As a Tolkien fan and connoisseur of Sir Peter Jackson’s films, it has always been a dream of mine to go to New Zealand. How amazing would it be to see the mountains of Gondor with my own eyes and walk the paths that Frodo and Sam walked? Without a doubt, it is the highest of my bucket list items.
Over the past few years many have asked me, “Well, why don’t you just save up your money and go? What’s stopping you?” In theory I could, but a trip like that would be a once in a lifetime experience considering the amount of time and money it would take. My answer is usually, "Some day I will go. Or perhaps not. I’m waiting for the right time.” The bottom line is this — because visiting New Zealand is such a big dream of mine, I know that it wouldn’t be worth doing if I didn’t do it right. I’m still young and, though none of us are promised tomorrow, I have peace that if I am destined to visit New Zealand, God will open the door and provide the resources and time to go.
Many of my friends and acquaintances have visited New Zealand themselves. Sadly my first reaction to seeing pictures and hearing stories about their journey is to become bitter. My inner 5-year-old whines, “How come they get to go and I don’t? I want it more than anyone!” But this feeling of envy is, as I said, the reaction of a 5 year old and extremely immature. I would want my friends to get excited about my trip, therefore I shouldn’t let my longing turn me into a bitter child.
So why am I telling you all this and what does it have to do with marriage? Well, in many ways marriage for single people is like my dream of going to New Zealand. It is something we want, but only get to do once and therefore we seek to do it right. We should seek for God to give us peace and guide us to the right person at the right time. And we must not become bitter at the idea of marriage just because other people have it and we don’t.
During this week of examining “The Heart of Marriage”, it can be very easy as a single person to let the inner five-year-old take over. I know it can be hard when many of your friends seem to be living a dream that seems like it may never come true for you. But like New Zealand is to me, marriage is more than just a passing task to check off a list. For the Christian, marriage is important regardless of your plans or wishes for your own marriage journey. Here are a few reasons:
Marriage matters to singles because it was created by God.
On the sixth day of creation, God made Adam and Eve to rule over the earth. He made them in his image as male and female (Genesis 1:27) and He called them to be devoted to each other so much that they are considered “one flesh” (Genesis 2:24). God Himself, the Creator of all things, created marriage. This fact alone makes it valuable and worthy of respect.
Marriage matters because a healthy marriage advances society.
Two heads are better than one. Men and women bring different skills to the table and when they work together they can do great things. Also when you break down marriage to the simplest reality, the purpose of a man and a woman getting together is to have children and grow the population. When the population is grown, there are more people with different skill sets that allow society as a whole to prosper. This is true in every culture and has been a reality since the dawn of time. In addition, marriage (not co-habitation, but committed marriage) has been found to have numerous health benefits. http://www.webmd.com/sex-relationships/guide/relationships-marriage-and-health
Marriage matters because it is a picture of the gospel.

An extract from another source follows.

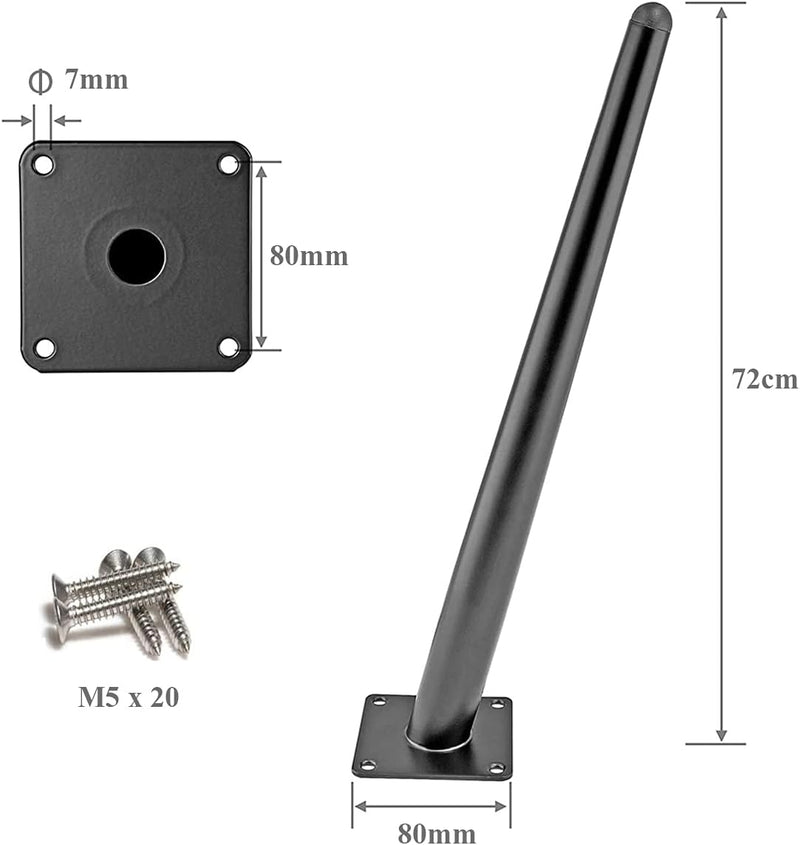 Drenky Tischbeine Metall Schwarz 4 Stück, Tischbein Konisch Schräg Rund 70cm Höhe Tischfüsse Mit No-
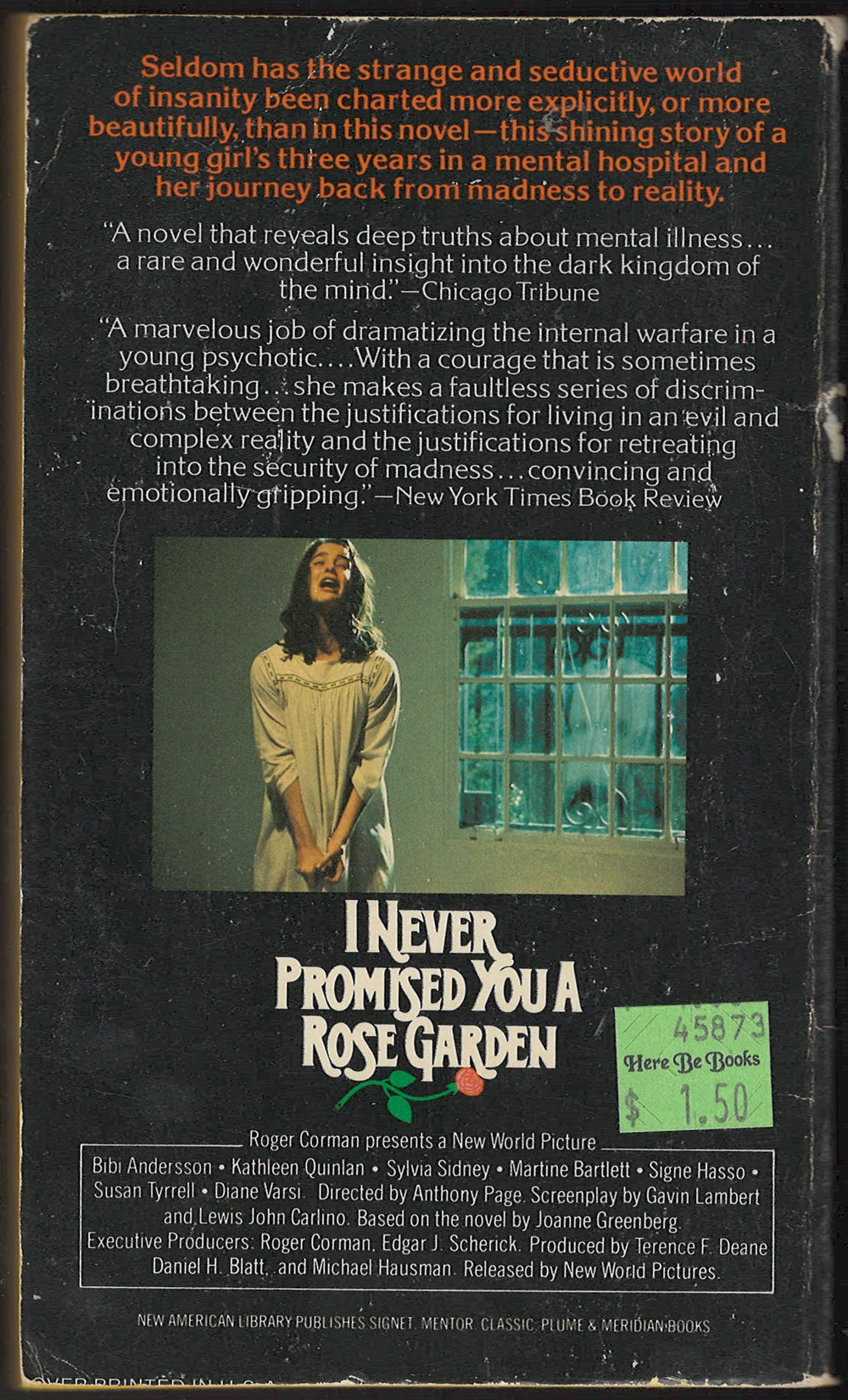 I Never Promised You a Rose Garden by Joanne Greenberg back cover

Once in college I had a friend who was going through a bad relationship. When trying to counsel her, she turned to me and declared, “You’ve never had a boyfriend. You don’t know anything about being in love.” This statement is both hurtful and untrue. Sure, I have never been in a romantic relationship with a man. But I know what true love is because I am in a relationship with someone who is the quintessential picture of true love: Jesus Christ.
The reality is that even as single people, we can understand the heart of marriage in our relationship with the One who, while we were still in sin, died for us (Romans 5:8). How beautiful is it that Christ wants to have a relationship with us? Not only that, but He was also willing to make great sacrifices in order for that relationship to be possible. Selflessness — this is the very definition of true love.
I’ve been an observer of many relationships over the course of my short life. Many of them were good, some of them not so good. But when I think of the couples I know who exemplify selfless love, it reminds me of Christ. Whether you are preparing to be married, waiting to be married, or don’t plan to be married, for the Christian, marriage is to be upheld and honored because it is a symbol of what we all have in Christ. It’s a symbol of the greatest love story of all time.
So, dear single person, please do not lose heart. We must not let go of our dreams, but we must also not become bitter when they seem out of reach. Marriage is to be cherished not only because it may be a long held dream of ours, but for what it represents: the relationship between Christ and His Church. Someday you may walk the forest paths of Middle-earth, or perhaps not. But that doesn’t make them any less wondrous.